DeForest village trustees last week approved a resolution to contact with Vogel Brothers Building Co. for a renovation and expansion of both Village Hall and the adjacent Public Safety Building.
The nearly $6.2 million bid from Vogel Brothers was the lowest of four received in early April and garnered unanimous support from the board on April 19. Bray Architects has guided village officials and staff through project planning in the last year.
The formal action is the culmination of years spent in the discussion and planning stages with regards to getting DeForest’s civic campus better suited to serve staff and the growing community.
“I’m supportive of the resolution tonight and getting to the next chapter in the community and getting the facilities we need for our staff,” Trustee Jeff Miller said prior to the board’s endorsement.
Village Hall’s history goes back to when it was purchased in 1974. A remodel was performed in the last decade (2006), but increases in staff and services has left the facility, according to Village Clerk LuAnn Leggett and others who work there each day, operating in close quarters with no adequate meeting or storage space.
“We just have no more office space or cubicle space,” Leggett previously noted. “So if we were ever needing to hire somebody, there is no place for that person to actually sit.”
A quick tour of the Public Safety Building (PSB)—home to the police force, fire and EMS departments, Village Board, municipal court and local elections—yields similar issues seen at Village Hall.
Constructed in 1997, village officials say the PSB almost immediately began facing space issues, especially with the police department.
In the nearly two decades since, DeForest has seen it’s population swell by more than 2,000 and the force has risen from 10 to 17 officers. DeForest’s total square mileage has also risen 130 percent since the PSB first opened it’s doors and support staff has grown.
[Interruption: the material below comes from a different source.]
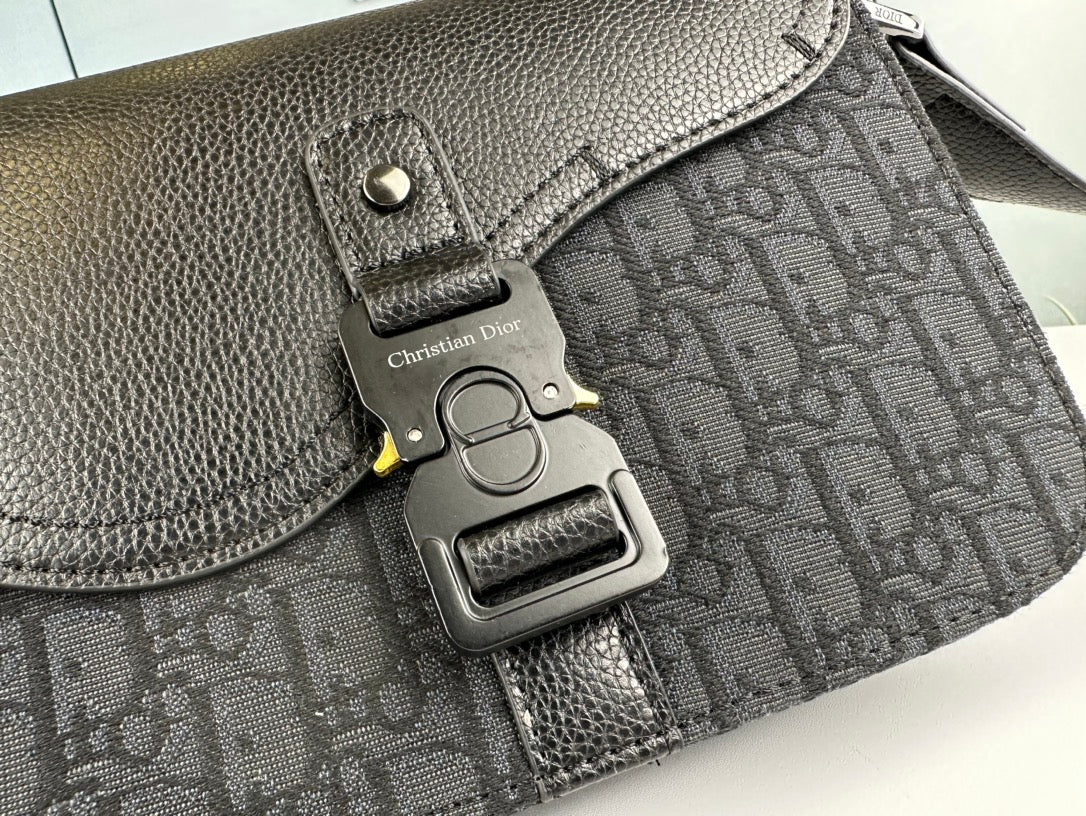 Classic Leather Crossbody Bag – Minimalist Design, Maximum Function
Police chief Robert Henze and Lt. Daniel Furseth have both been vocal about the need for additional offices, evidence and vehicle storage, locker rooms, and private areas for officers to meet with suspects and/or victims.
Asked about the project one day after the board’s blessing, Furseth, who will take over as police chief in 2017, called it “exciting.”
The approved project contract, according to Leggett, who has been the village’s point person throughout the planning process, will alleviate the issues at both buildings and allow staff to more comfortably operate day-to-date and serve residents.
Project funding will be covered through a 20-year borrowing that Village Administrator Steve Fahlgren said he’s “comfortable” with. Fahlgren said helping matters is the looming retirement of public library debt, that DeForest projects to grow, and Tax Increment District 1 is closing.
“Obviously there will be additional costs on top of the soft costs like furnishings, lockers for the [police department], technology … which will be part of the borrowing,” Leggett told trustees.
Leggett also cautioned that “with any building project, we do have contingencies” and unknowns may arise.
“We will keep [the board] up to date when we have changes,” she added.
Village officials say the average taxpayer will not experience an increase in their tax bills as a result of the facilities project.